Exercise goal
Collect each line of the records containing the string "Velvet".

Material for the task
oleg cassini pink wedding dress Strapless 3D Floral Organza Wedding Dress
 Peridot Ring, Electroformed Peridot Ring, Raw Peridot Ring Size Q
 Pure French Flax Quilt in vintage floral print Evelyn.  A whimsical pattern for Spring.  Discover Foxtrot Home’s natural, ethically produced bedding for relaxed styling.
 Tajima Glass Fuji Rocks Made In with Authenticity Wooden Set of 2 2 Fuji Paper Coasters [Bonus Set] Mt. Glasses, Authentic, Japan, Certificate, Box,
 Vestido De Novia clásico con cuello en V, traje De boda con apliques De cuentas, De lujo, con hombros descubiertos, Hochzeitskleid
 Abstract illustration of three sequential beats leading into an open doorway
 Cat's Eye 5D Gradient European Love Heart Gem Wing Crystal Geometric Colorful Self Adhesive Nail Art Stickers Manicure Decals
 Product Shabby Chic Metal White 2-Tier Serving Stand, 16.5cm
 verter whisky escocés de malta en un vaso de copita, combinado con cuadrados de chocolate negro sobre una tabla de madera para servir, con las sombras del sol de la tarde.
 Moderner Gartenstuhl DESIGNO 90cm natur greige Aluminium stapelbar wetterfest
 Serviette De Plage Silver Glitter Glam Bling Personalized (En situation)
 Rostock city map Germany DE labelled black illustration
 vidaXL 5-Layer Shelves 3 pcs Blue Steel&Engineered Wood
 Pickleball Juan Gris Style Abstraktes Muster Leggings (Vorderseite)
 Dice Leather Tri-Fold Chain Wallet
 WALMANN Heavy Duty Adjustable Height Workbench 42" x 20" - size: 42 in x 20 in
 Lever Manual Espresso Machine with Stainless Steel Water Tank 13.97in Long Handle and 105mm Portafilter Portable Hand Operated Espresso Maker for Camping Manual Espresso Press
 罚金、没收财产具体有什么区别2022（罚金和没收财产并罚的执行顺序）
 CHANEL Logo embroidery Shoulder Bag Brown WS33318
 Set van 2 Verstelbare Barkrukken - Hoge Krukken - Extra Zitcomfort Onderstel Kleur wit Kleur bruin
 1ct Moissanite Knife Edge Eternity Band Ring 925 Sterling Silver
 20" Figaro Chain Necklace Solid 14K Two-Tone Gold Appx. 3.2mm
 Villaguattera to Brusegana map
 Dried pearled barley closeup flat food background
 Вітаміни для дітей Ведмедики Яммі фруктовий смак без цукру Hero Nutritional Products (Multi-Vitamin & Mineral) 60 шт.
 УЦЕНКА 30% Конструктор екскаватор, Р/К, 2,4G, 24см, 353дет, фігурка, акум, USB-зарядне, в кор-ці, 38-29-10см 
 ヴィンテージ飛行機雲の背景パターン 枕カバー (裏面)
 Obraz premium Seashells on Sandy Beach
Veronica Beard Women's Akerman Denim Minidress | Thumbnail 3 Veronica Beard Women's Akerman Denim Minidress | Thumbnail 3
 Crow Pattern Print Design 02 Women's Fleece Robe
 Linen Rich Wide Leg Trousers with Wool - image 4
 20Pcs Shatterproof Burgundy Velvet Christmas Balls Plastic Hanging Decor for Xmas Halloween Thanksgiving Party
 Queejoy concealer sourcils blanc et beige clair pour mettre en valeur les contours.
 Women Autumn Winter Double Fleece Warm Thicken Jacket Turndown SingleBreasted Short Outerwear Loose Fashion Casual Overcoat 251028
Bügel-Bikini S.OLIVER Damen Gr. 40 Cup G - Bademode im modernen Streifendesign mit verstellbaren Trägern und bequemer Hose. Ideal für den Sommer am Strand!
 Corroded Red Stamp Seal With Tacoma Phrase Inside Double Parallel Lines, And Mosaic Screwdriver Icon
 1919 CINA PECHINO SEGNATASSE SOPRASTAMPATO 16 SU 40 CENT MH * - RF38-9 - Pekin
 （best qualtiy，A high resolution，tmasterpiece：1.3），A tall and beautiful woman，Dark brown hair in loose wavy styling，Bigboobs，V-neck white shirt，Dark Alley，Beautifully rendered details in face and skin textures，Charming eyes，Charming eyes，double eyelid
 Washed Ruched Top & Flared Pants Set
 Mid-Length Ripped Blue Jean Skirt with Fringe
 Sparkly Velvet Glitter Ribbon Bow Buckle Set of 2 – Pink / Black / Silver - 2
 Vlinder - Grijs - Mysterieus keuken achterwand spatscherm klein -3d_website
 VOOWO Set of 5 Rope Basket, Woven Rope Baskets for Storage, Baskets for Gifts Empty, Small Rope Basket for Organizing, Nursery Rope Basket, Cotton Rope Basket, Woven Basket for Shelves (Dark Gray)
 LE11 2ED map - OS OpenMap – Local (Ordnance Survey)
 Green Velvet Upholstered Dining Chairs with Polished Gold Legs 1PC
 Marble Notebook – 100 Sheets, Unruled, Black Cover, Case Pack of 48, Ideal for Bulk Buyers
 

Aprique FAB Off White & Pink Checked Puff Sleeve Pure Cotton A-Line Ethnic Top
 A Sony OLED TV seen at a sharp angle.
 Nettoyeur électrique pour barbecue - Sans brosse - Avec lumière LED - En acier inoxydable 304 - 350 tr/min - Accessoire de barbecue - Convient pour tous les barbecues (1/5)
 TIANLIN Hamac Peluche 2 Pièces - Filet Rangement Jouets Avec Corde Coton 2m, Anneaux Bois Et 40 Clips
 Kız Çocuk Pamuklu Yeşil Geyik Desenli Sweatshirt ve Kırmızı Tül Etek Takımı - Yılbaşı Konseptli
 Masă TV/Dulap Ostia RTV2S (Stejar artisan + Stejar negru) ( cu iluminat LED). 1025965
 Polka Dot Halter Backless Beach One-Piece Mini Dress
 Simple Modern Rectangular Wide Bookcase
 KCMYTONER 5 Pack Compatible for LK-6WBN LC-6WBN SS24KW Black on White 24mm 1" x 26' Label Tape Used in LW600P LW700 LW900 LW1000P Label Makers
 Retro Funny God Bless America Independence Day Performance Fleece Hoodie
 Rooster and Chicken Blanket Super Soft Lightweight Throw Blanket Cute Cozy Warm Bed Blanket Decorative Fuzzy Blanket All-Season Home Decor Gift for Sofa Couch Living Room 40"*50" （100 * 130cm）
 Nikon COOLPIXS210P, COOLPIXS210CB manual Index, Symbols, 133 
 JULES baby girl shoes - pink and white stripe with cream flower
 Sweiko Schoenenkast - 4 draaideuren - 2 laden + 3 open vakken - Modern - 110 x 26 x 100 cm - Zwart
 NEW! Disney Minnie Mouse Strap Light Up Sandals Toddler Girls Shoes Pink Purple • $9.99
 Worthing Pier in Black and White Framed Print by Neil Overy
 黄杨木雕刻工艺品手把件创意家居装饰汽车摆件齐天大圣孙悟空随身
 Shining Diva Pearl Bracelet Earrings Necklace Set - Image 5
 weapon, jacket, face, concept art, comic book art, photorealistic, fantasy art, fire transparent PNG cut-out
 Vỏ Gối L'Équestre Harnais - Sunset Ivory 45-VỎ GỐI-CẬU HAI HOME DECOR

Exercise result
 20Pcs Shatterproof Burgundy Velvet Christmas Balls Plastic Hanging Decor for Xmas Halloween Thanksgiving Party
 Sparkly Velvet Glitter Ribbon Bow Buckle Set of 2 – Pink / Black / Silver - 2
 Green Velvet Upholstered Dining Chairs with Polished Gold Legs 1PC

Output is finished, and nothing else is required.